PHI Centre’s Films4Peace series provides 17 more ways to give peace a chance
If you had to visually interpret the concept of peace, what would it look like? A ‘60s hippie clad in tie-dye apparel doing the token "V" hand sign? A flock of doves soaring ever so gracefully above the trees? John and Yoko’s PR-orchestrated slumber party at the Queen Elizabeth? There are as many answers to the question as there are creative minds wrestling with the very idea.
For a second straight year, Puma and curator Mark Coetzee put 21 international filmmakers to the challenge of creating 30-to-90-seconds long pieces for its annual PUMA.peace short film commission. The idea? To celebrate and draw further attention to September 21, also known as World Peace Day – “an international United Nations day of ceasefire, and a day for individuals, organizations and countries to demonstrate acts of peace”.
Besides launching all 17 films this morning on the dedicated films4peace.com website, live screenings are being organized around the world at major museums such as London’s Design Museum, in public urban spaces such as the City of Barcelona, in educational institutions and youth leadership conferences. In Montreal, the PHI Centre is hosting two full days of free screenings.
As is to be expected, the films differ greatly in form and in their approaches to tackling such a loaded concept. Perusing the films online, the crop of experimental animations feels particularly strong, especially the following two pieces:
Bill Porter's Peace Starts With Me (UK)
Porter interestingly chooses to illustrate peace via a grueling, heated boxing match -- a sport that's often deemed overwhelmingly violent "despite its ability to promote confidence and discipline in young people in places where it's needed," says Porter. The short caps off as the two fighters grapple in a clinch, depicted here in refreshingly subversive fashion as a moment of peace.

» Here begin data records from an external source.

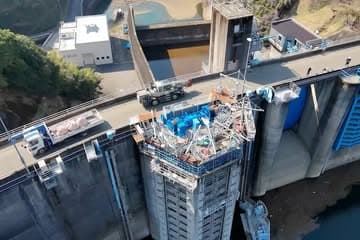熊本県の緑川第一発電所をドローンで撮影した5枚の写真。山あいにある発電所と貯水池の全景、青い水門、取水口設備を写している。取水口スクリーンの更新現場では、コンクリート構造物の上部と側面に足場やゴンドラが組まれ、トビノスと3Sシステムを組み合わせた作業設備が設置されている。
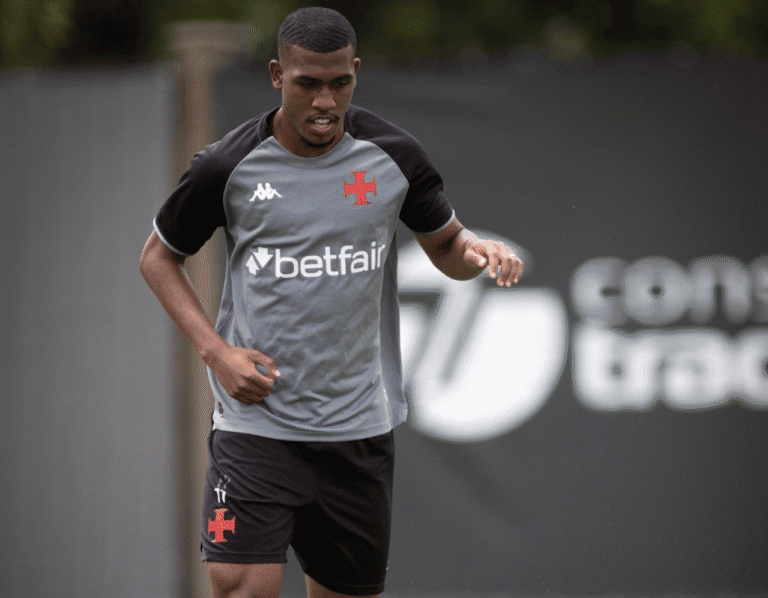 Texto alternativo: Jogador do Vasco treinando, vestindo uniforme cinza e preto com o escudo do time, focado na atividade, em ambiente de campo de futebol.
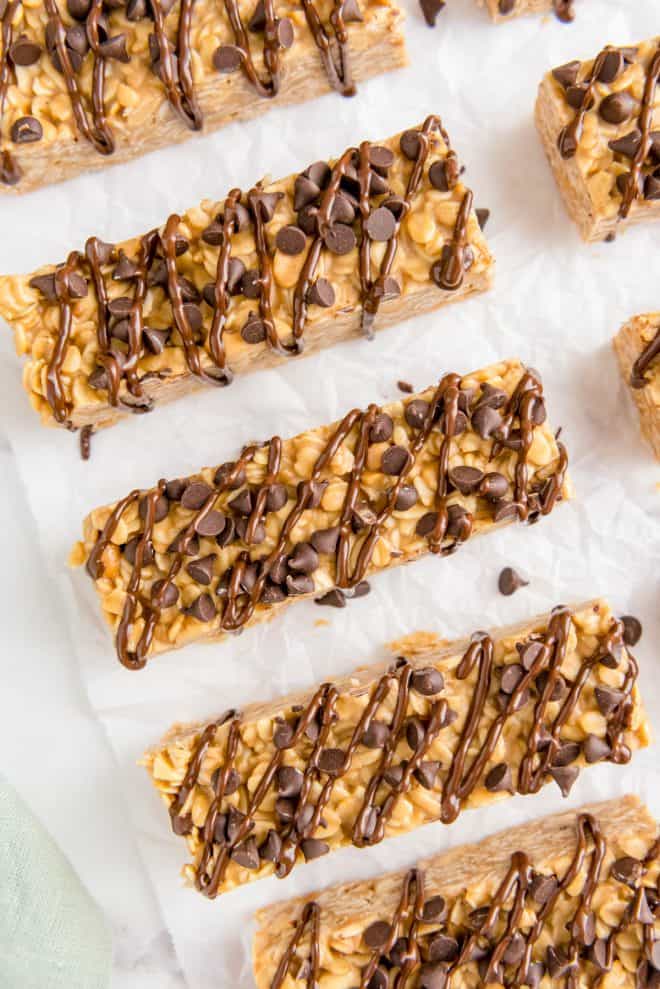 five chocolate chip peanut butter granola bars on a piece of white parchment paper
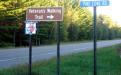 Byway site marker indicates location of the Veterans Walking Trail along CSAH 16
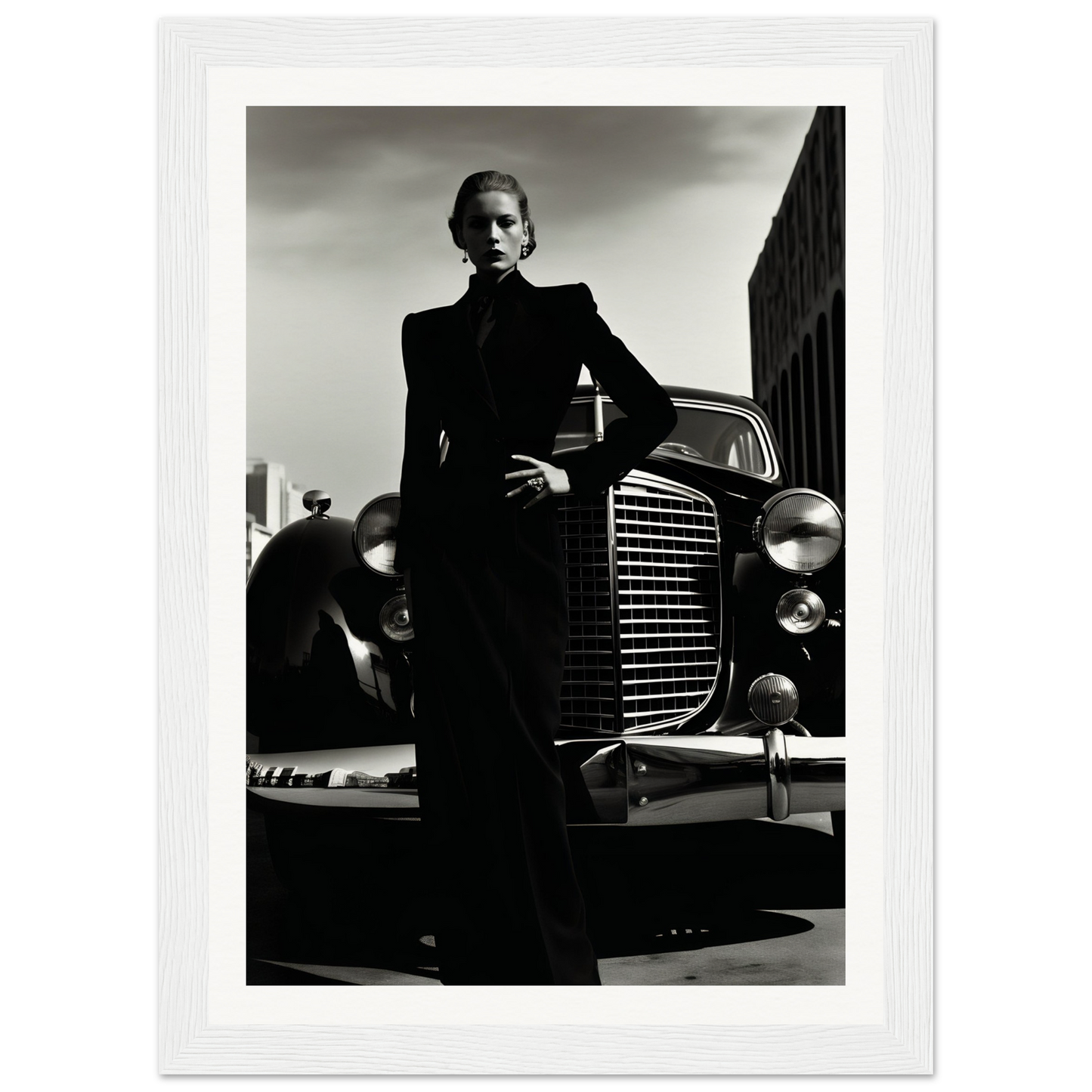 A black and white photo of a man in a suit leaning on a car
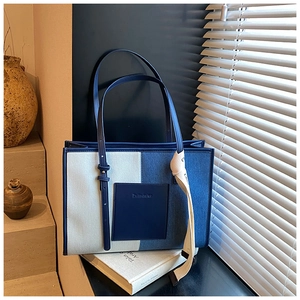 Detailed close-up of blue denim patchwork tote bag with leather logo and ribbon decor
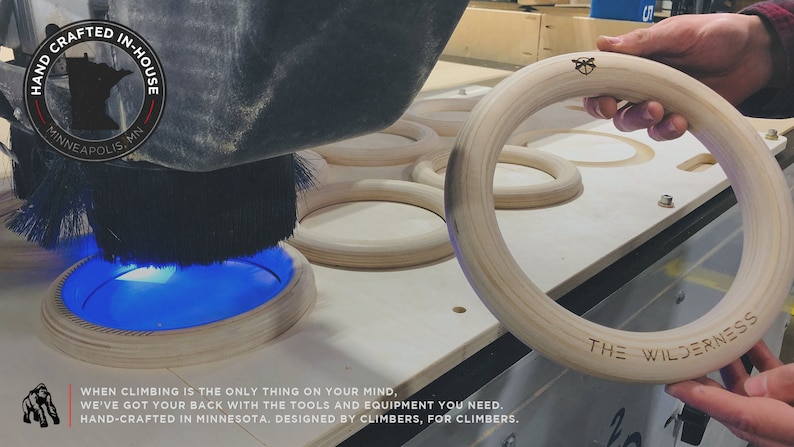 Puede incluir: Primer plano de un anillo de gimnasia de madera que se est&aacute; fabricando en una m&aacute;quina CNC. El anillo es de color marr&oacute;n claro y tiene el texto "THE WILDERNESS" grabado.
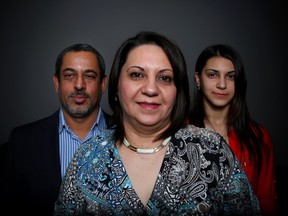 Aseel Jawad, centre, with husband Monjed Al-Bassri and daughter Rafal Al-Bassri, have built a new life from scratch after fleeing wartorn Iraq for Calgary in 2010.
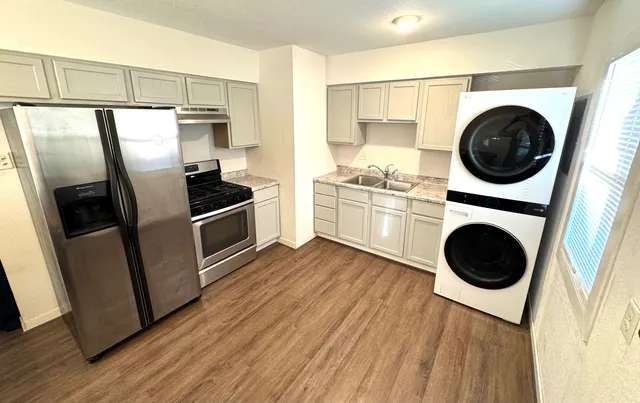 a kitchen with stainless steel appliances a refrigerator a sink and wooden floors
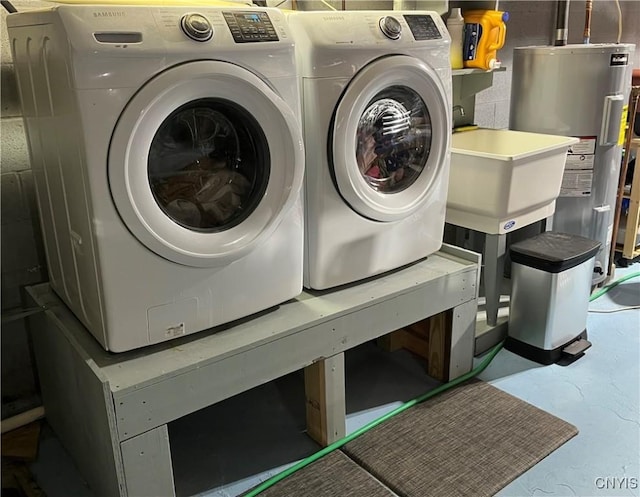 clothes washing area featuring electric water heater and washing machine and dryer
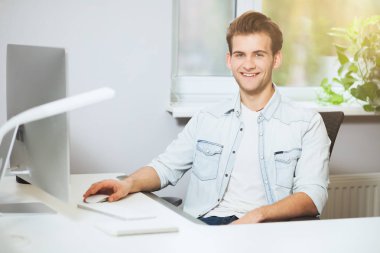 Bir ofiste bilgisayar başında oturan genç bir işçi. Freelancer Beyaz gömlekli. Tasarımcı işyerinde pencerenin önünde oturur.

Max Hattler's RE:AX (Germany)
Hattler's atmospheric RE:AX is both unapologetically ominous and imbued with optimism. The German experimental filmmaker explores the notions of feedback and action/reaction with a series of geometrical patterns that face off in a nondescript setting. When they clash, their actions lead to heightened tension, whereas when they coexist peacefully, it creates a harmonious environment. A powerfully political film that requires no words to plead its case.